2018 - 2019 Personal Tax Extension Tips and Tidbits
If you find yourself falling behind when the tax due date comes around, you do have options. When it comes time to deal with the IRS for filing your federal income tax return, there are a few options at your convenience that can buy you a little more time.
Another way to do it is the old fashioned method, on paper and file it by snail mail with the United States Post Office.
However, with the old fashioned way, by mail, you never know if it might get lost in the mail or delayed in delivery which could put you past the filing deadline and subjected to penalties and interest charges.
Filing a personal tax extension when you're not ready to file your federal tax return helps you keep the IRS off your back. You need to avoid late payment penalties by sending in any taxes due with the extension form. Note: an extension grants you extra time to file your return but not extra time to pay any taxes owed.
Penalties can add up to 25% +- of the income taxes you owe. This substantial penalty can be avoided by taking a few minutes to file your tax extension along with your tax liability payment.
Personal Tax Extension Payment Options
With the income tax season winding down, the IRS allows all tax payers to request some extra time to file their return. You will owe interest on any amount that remains unpaid by the tax filing due date, plus you may owe penalties as well.
Our individual tax guide helps taxpayers that are ready to file their returns and those that have already filed and need to pay a tax bill have several payment options to choose from:
You can pay online by debit or credit card regardless of whether you e-file, paper file or are responding to a IRS bill or notice that you received in the mail.
You can file electronically and authorize an electronic funds withdrawal directly from your bank account via tax preparation software or a tax professional.
Pay by Mail - Pay by check or money order made payable to the “United States Treasury.” Make sure you include your name, address and Social Security number listed first on the tax form, as well as your daytime telephone number, tax year, and form number.

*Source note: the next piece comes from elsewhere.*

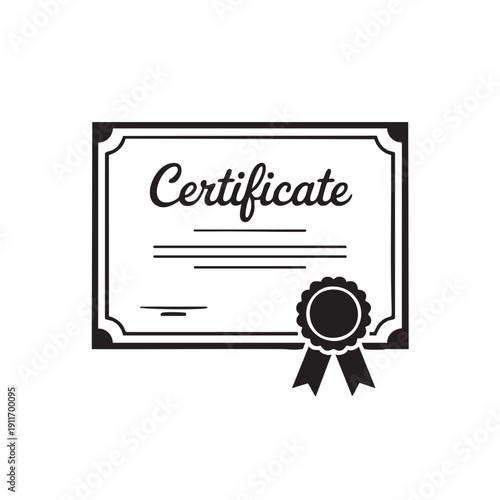 Certificate template design with ribbon and seal for official documents and awards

Complete and include Form 1040-V, Payment Voucher, when mailing your payment to the IRS, and put your Social Security Number on the check.
File your return on time and pay as much as you possibly can when you send in your return, then:
Request an Installment Agreement - Use the Online Payment Agreement Application at www.irs.gov or by file Form 9465, Installment Agreement Request with your return. Beware: the IRS charges a user fee to set up a payment agreement for you.
Extension of Time to Pay - Qualifying individuals may request an extension of time to pay and have late payment penalties waived as part of the IRS Fresh Start initiative. You may request this short additional time to pay your tax in full. To see if you qualify visit www.irs.gov and get Form 1127-A, Application for Extension of Time for Payment. This application must be filed by the tax due date.
Online Payment Agreement Application. Taxpayers who request this format and are granted it will get an additional 120 days to pay the taxes owed in full. This method will generally allow you to pay less in penalties and interest than if the debt were repaid through an installment agreement by payments over a greater period of time. There is no fee for this short extension of time to pay.
Wow, so you think, that’s so nice of the IRS to give you extra time to file your return. You can’t get your taxes done on time so they give you an extension.
How sweet right! Why would they do that? Well here’s a very important note to take seriously about the IRS personal tax extension they grant you. You get more time to submit your paperwork but you still have to pay on time!
Whatever you do, don’t be mislead into thinking your IRS tax extension gives you more time to pay. If you do, you will be charged interest on the amount you owe, plus possibly some wicked penalties you most definitely wont like.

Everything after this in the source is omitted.